Re: [PATCH] seccomp: Add group_leader pid to seccomp_notif

From: Christian Brauner
Date: Sun May 17 2020 - 06:47:34 EST


On Sun, May 17, 2020 at 12:17:14AM -0700, Kees Cook wrote:
> On Fri, May 15, 2020 at 04:40:05PM -0700, Sargun Dhillon wrote:
> > This includes the thread group leader ID in the seccomp_notif. This is
> > immediately useful for opening up a pidfd for the group leader, as
> > pidfds only work on group leaders.
> >
> > Previously, it was considered to include an actual pidfd in the
> > seccomp_notif structure[1], but it was suggested to avoid proliferating
> > mechanisms to create pidfds[2].
> >
> > [1]: https://lkml.org/lkml/2020/1/24/133
> > [2]: https://lkml.org/lkml/2020/5/15/481
>
> nit: please use lore.kernel.org/lkml/ URLs
>
> > Suggested-by: Christian Brauner <christian.brauner@xxxxxxxxxx>
> > Signed-off-by: Sargun Dhillon <sargun@xxxxxxxxx>
> > ---
> > include/uapi/linux/seccomp.h | 2 +
> > kernel/seccomp.c | 1 +
> > tools/testing/selftests/seccomp/seccomp_bpf.c | 50 +++++++++++++++++++
> > 3 files changed, 53 insertions(+)
> >
> > diff --git a/include/uapi/linux/seccomp.h b/include/uapi/linux/seccomp.h
> > index c1735455bc53..f0c272ef0f1e 100644
> > --- a/include/uapi/linux/seccomp.h
> > +++ b/include/uapi/linux/seccomp.h
> > @@ -75,6 +75,8 @@ struct seccomp_notif {
> > __u32 pid;
> > __u32 flags;
> > struct seccomp_data data;
> > + __u32 tgid;
> > + __u8 pad0[4];
> > };
>
> I think we need to leave off padding and instead use __packed. If we
> don't then userspace can't tell when "pad0" changes its "meaning" (i.e.
> the size of seccomp_notif becomes 88 bytes with above -- either via
> explicit padding like you've got or via implicit by the compiler. If
> some other u32 gets added in the future, user space will still see "88"
> as the size.
>
> So I *think* the right change here is:
>
> -};
> + __u32 tgid;
> +} __packed;
>
> Though tgid may need to go above seccomp_data... for when it grows.
> Agh...
>
> _However_, unfortunately, I appear to have no thought this through very
> well, and there is actually no sanity-checking in the kernel for dealing
> with an old userspace when sizes change. :( For example, if a userspace
> doesn't check sizes and calls an ioctl, etc, the kernel will clobber the
> user buffer if it's too small.

I'd just argue that that's just userspace messing up.

>
> Even the SECCOMP_GET_NOTIF_SIZES command lacks a buffer size argument.
> :(
>
> So:
>
> - should we just declare such userspace as "wrong"? I don't think
> that'll work, especially since what if we ever change the size of
> seccomp_data... that predated the ..._SIZES command.

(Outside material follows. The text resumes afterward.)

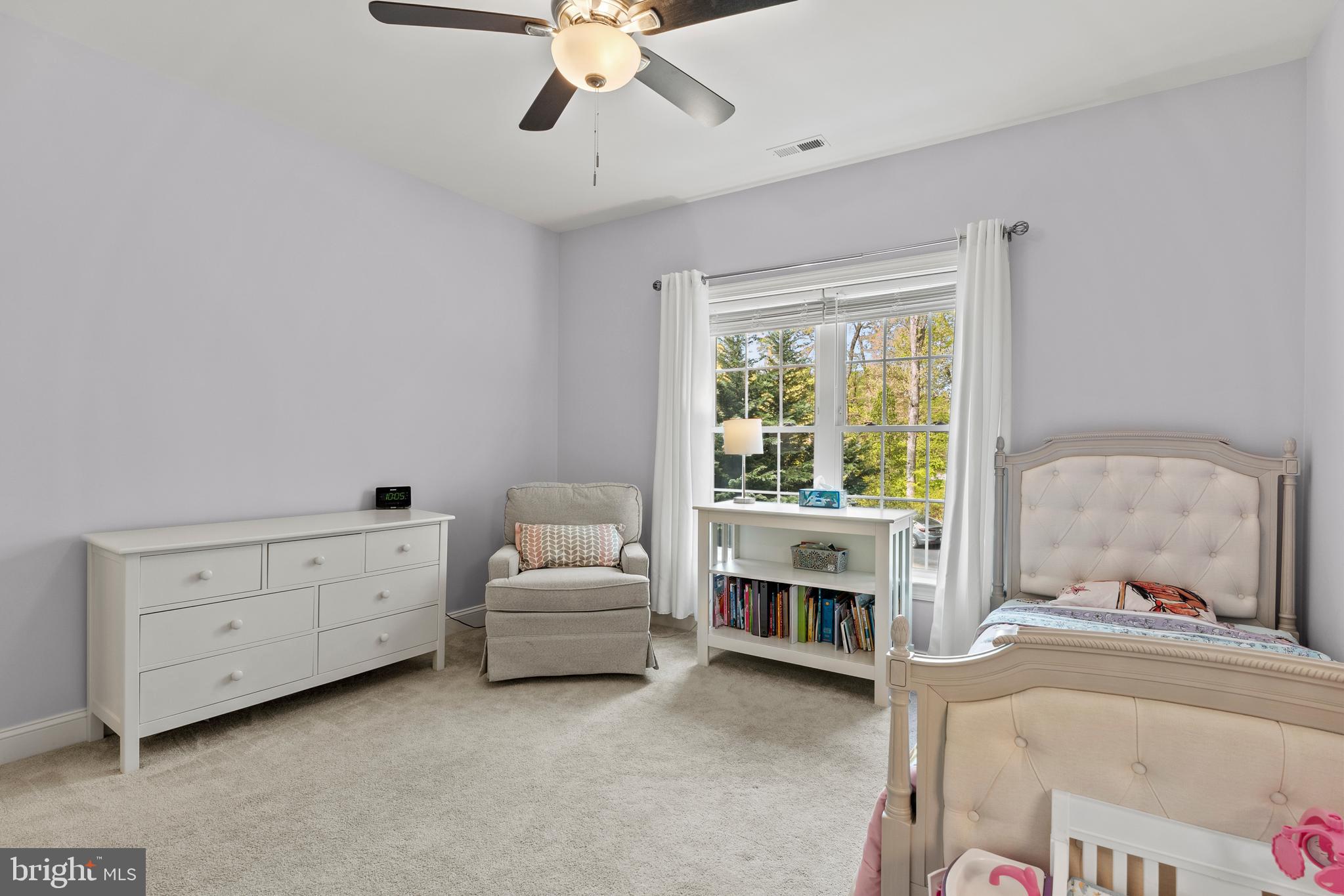 FULTON MANOR VALLEY - Residential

Yeah, that's nasty since the struct member in seccomp_notif would now
clobber each other.

>
> - should we add a SECCOMP_SET_SIZES command to tell the kernel what
> we're expecting? There's no "state" associated across seccomp(2)
> calls, but maybe that doesn't matter because only user_notif writes
> back to userspace. For the ioctl, the state could be part of the
> private file data? Sending seccomp_data back to userspace only
> happens here, and any changes in seccomp_data size will just be seen
> as allowing a filter to query further into it.

Sounds ok-ish in my opinion.

>
> - should GET_SIZES report "useful" size? (i.e. exclude padding?)

Or... And that's more invasive but ultimately cleaner we v2 the whole
thing so e.g. SECCOMP_IOCTL_NOTIF_RECV2, SECCOMP_IOCTL_NOTIF_SEND2, and
embedd the size argument in the structs. Userspace sets the size
argument, we use get_user() to get the size first and then
copy_struct_from_user() to handle it cleanly based on that. A similar
model as with sched (has other unrelated quirks because they messed up
something too):

static int sched_copy_attr(struct sched_attr __user *uattr, struct sched_attr *attr)
{
u32 size;
int ret;

/* Zero the full structure, so that a short copy will be nice: */
memset(attr, 0, sizeof(*attr));

ret = get_user(size, &uattr->size);
if (ret)
return ret;

/* ABI compatibility quirk: */
if (!size)
size = SCHED_ATTR_SIZE_VER0;
if (size < SCHED_ATTR_SIZE_VER0 || size > PAGE_SIZE)
goto err_size;

ret = copy_struct_from_user(attr, sizeof(*attr), uattr, size);
if (ret) {
if (ret == -E2BIG)
goto err_size;
return ret;
}

We're probably the biggest user of this right now and I'd be ok with
that change. If it's a v2 than whatever. :)

Christian